*** Material provided ***
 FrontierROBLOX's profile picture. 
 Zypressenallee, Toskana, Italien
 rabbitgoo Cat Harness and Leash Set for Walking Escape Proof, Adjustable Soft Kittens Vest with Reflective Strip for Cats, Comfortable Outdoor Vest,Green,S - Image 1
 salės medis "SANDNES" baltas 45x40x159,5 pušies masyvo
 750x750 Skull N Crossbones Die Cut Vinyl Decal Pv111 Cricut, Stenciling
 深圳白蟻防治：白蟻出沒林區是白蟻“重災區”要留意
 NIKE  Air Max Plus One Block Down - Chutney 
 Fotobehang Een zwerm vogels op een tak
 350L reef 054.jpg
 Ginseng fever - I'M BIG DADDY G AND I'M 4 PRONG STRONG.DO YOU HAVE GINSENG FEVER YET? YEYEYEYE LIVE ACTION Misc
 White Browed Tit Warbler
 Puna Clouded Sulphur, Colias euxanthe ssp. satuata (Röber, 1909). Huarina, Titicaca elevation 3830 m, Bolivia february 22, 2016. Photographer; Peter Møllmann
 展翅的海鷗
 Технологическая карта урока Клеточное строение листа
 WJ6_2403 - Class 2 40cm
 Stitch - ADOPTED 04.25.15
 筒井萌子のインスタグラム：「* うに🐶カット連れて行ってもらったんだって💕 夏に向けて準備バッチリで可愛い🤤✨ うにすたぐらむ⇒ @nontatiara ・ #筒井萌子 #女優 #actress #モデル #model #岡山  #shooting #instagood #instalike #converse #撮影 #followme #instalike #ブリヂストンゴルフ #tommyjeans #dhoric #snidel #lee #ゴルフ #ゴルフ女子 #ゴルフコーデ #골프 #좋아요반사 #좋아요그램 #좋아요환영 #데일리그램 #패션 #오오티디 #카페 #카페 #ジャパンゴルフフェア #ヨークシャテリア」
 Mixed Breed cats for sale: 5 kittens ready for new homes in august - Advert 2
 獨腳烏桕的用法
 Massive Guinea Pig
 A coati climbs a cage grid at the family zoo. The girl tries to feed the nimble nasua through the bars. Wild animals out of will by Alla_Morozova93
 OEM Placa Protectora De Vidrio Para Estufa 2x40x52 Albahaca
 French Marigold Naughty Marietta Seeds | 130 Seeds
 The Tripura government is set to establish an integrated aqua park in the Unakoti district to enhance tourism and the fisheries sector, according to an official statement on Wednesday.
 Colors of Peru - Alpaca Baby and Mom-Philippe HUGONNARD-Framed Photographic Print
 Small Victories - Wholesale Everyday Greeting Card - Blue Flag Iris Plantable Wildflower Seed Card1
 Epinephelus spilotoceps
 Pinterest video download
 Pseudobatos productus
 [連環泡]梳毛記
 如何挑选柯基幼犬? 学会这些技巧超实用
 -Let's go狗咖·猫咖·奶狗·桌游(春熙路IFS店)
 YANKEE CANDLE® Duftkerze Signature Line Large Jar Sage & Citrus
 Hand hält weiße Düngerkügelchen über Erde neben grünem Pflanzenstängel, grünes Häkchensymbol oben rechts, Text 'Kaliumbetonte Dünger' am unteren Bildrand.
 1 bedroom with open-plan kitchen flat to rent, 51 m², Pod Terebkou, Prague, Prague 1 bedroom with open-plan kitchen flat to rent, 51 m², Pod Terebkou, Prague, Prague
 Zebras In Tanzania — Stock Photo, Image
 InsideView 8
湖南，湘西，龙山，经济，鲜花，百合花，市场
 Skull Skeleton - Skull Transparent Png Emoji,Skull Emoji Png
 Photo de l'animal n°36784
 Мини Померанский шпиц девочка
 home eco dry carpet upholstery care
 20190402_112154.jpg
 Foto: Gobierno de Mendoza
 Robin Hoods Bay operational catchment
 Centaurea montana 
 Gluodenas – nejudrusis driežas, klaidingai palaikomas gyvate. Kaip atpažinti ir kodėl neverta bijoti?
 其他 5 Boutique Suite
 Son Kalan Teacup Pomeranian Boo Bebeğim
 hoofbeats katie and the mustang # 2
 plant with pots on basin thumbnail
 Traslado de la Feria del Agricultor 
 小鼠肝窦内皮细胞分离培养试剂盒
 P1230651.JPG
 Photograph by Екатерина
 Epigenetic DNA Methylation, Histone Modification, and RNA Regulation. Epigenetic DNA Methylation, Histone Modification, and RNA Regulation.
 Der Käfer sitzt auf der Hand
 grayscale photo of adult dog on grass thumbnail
***
About this exercise:
Lines from the one with "hoofbeats katie and the mustang # 2" through the last line above must be printed exactly; no other line is to appear.

Answer for this exercise:
 hoofbeats katie and the mustang # 2
 plant with pots on basin thumbnail
 Traslado de la Feria del Agricultor 
 小鼠肝窦内皮细胞分离培养试剂盒
 P1230651.JPG
 Photograph by Екатерина
 Epigenetic DNA Methylation, Histone Modification, and RNA Regulation. Epigenetic DNA Methylation, Histone Modification, and RNA Regulation.
 Der Käfer sitzt auf der Hand
 grayscale photo of adult dog on grass thumbnail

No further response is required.